While there are many different types of insurance, most policies share a common set of terms and conditions. These terms and conditions determine the extent to which a policyholder’s insurer will cover loss. Some of these terms include the duty to investigate claims, the duty to pay valid and enforceable claims, and the right to dispute coverage in good faith.

Many insurance policies also give the insurance company control of the defense and settlement of lawsuits or other claims against a policyholder. This can be a benefit to a business, but it can also be problematic if the decisions made by the insurance company do not align with the policyholder’s interests. In these cases, policyholders can seek legal assistance. They can read the policy carefully, consult an insurance treatise, and look at caselaw that interprets the policy language at issue.


Insurers are the companies that take on the risk of losses in exchange for premiums paid by policyholders. They are governed by the same laws as other businesses and are required to treat their policyholders fairly. In the United States, the majority of insurance regulation occurs at the state level. There are also a few federal programs, such as Medicare and the Social Security Administration. State regulators oversee the operation of private insurers and create rules that govern how they conduct business. Insurers may have to pay fines or even lose their license if they break the law.

Insurance policies are often complex. They contain many different clauses and conditions, including choice of law provisions that determine which legal system will apply to a dispute. Insurers rely on lawyers to help them understand and follow the law. They may hire in-house lawyers or work for a large firm that acts as compliance counsel on behalf of clients.

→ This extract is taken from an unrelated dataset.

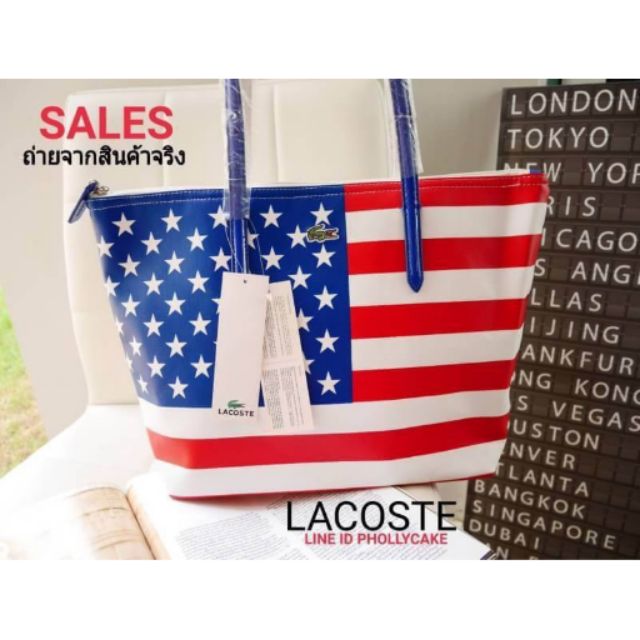 lacoste-shopping-bag-กระเป๋า-สะพาย-ลายสดใส-ยี่ห้อ-lacoste-แท้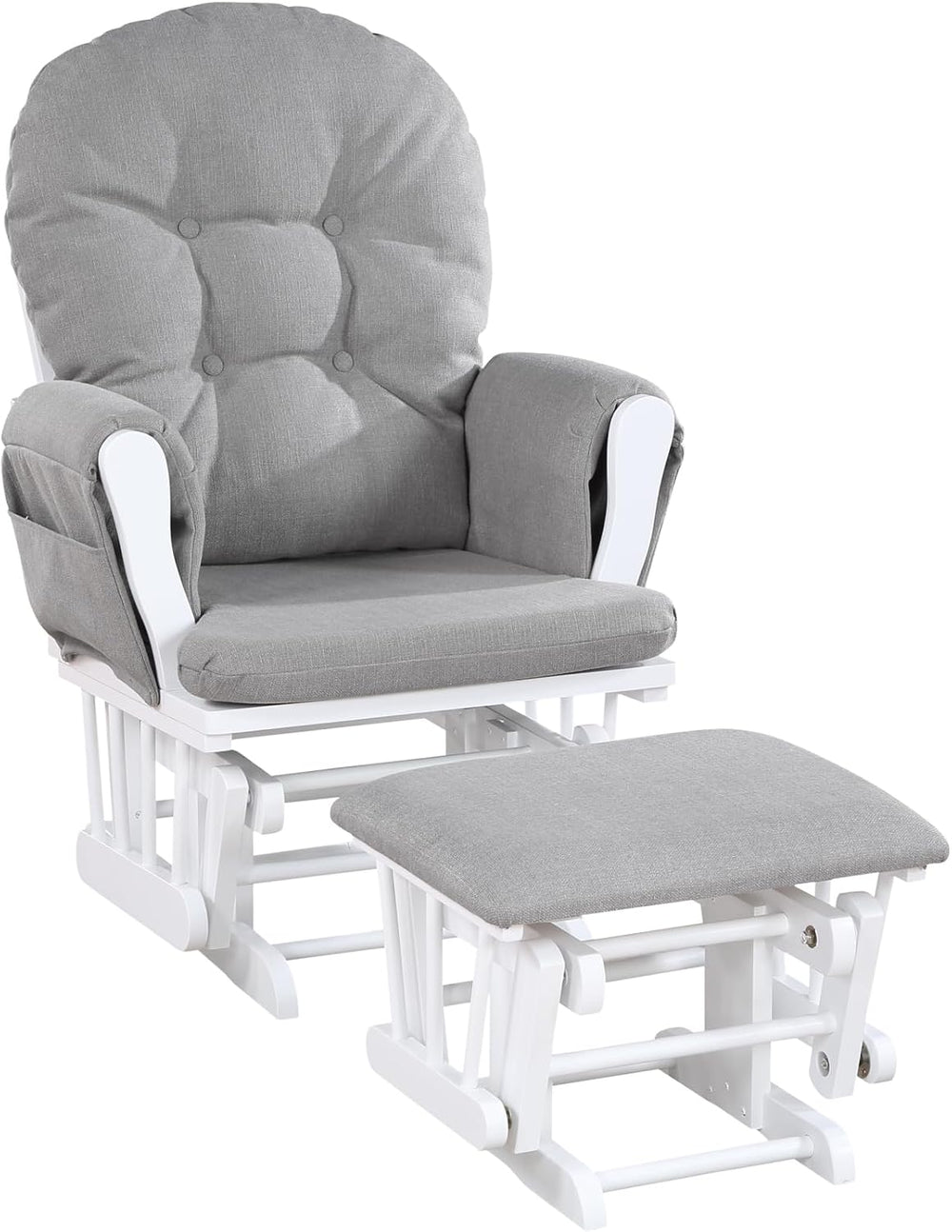 Glider and Ottoman White Wood and Oyster Fabric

Insurers must comply with certain statutory requirements, such as providing a timely notice of a denial or forfeiture and allowing the insured to request an examination under oath. Insurers may be subject to claims for breach of contract and unfair competition. In addition, they must obey the common law doctrines of estoppel and duty to speak. The latter doctrine prevents insurers from acting inconsistently with a representation they have made to the insured, so that the insured suffers detriment.


An insurance policy is a legally binding contract between the insurer and insured party. It specifies the terms and conditions of protection, including deductibles, limits, and exclusions. The contract is governed by a set of rules and regulations that are determined by state regulators. In the United States, this includes determining registration requirements for insurance companies and brokers, regulating the solvency of insurance firms, and setting standards for insurance contracts and policies.

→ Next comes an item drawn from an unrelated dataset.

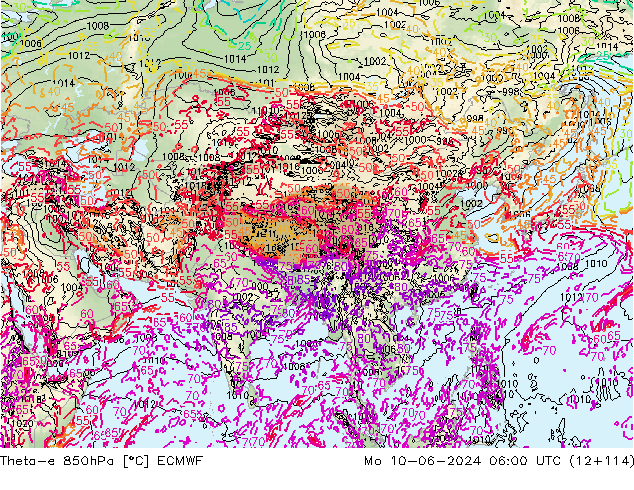 Theta-e 850hPa ECMWF lun 10.06.2024 06 UTC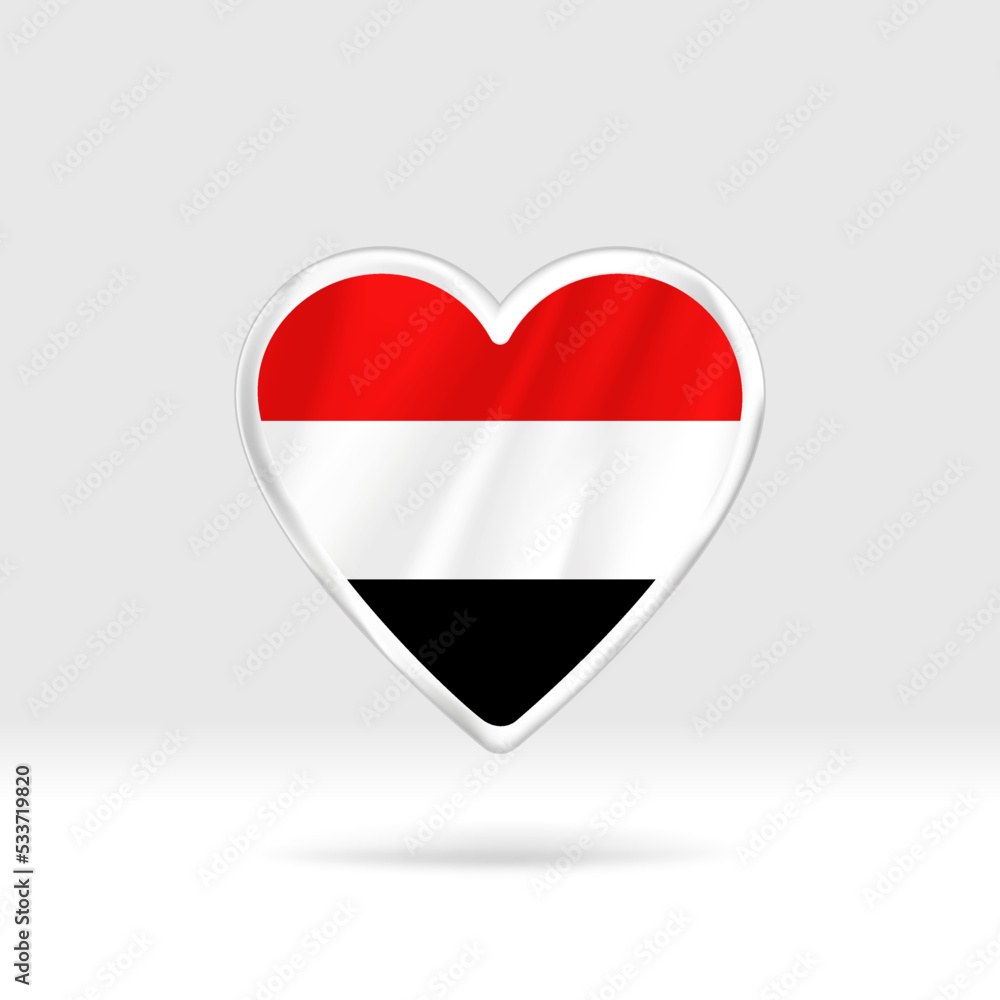 Heart from Yemen flag. Silver button heart and flag template. Easy editing and vector in groups. National flag vector illustration on white background. Heart from Yemen flag. Silver button heart and flag template. Easy editing and vector in groups. National flag vector illustration on white background.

Like other commercial contracts, an insurance policy must meet the elements of a valid contract: offer and acceptance; consideration; a legal purpose; and competent parties. The contract also must be enforceable, meaning it cannot contain terms that are illegal or void ab initio. In addition, the insurer must disclose all material information to the insured, and the insured must make truthful statements. The doctrine of uberrima fides, or the utmost good faith, is another important element of an insurance contract.

Most insurance contracts require the insured to deliver a certificate of insurance evidencing coverage. This requirement most often applies upon entry into a contract but may also apply periodically thereafter. The insurer can deny a claim or otherwise act against the insured if this requirement is not met. This is one of the reasons why it is essential for all parties to carefully read their contracts, particularly those that have contractual provisions requiring delivery of certificates.

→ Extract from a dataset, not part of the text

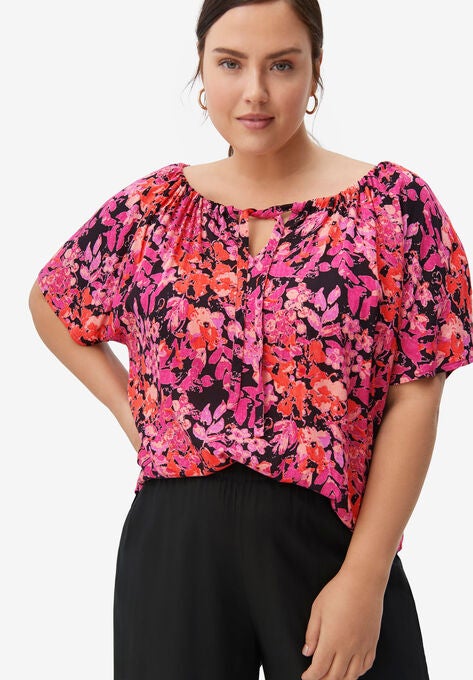 Keyhole Peasant Blouse, BLACK PINK PRINT, hi-res image number null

Insurers and insureds have unequal bargaining power, and early on this led to common law doctrines prescribing rights against insurers outside the terms of insurance contracts. Professor Keeton isolates three principles that together, under various doctrinal rubrics and as reflected in legislation, account for most rights at variance with insurance provisions.

Insurance law encompasses a wide range of issues, from interpreting the meaning of policy language to establishing when claims are safeguarded by the contract. It also includes the requirement that insurers operate honorably, investigate claims fairly and swiftly, and pay the claims to which they are legally obligated.

When an insurance company fails to do this, it may be found to have acted in bad faith. Whether by misrepresenting information about coverage, refusing to make payments for an unreasonable length of time or putting the burden of proof on the policyholder, these actions are violations of New York insurance laws.

Insurance companies rely on attorneys to help them determine whether or not a claim is covered, as well as to defend them against lawsuits from insureds. People who have insurance policies rely on attorneys to bring claims against their insurance companies when they believe the company has not paid them fairly. These lawyers often practice personal injury and/or insurance law. They can work at large law firms, smaller boutiques or private practices throughout the United States.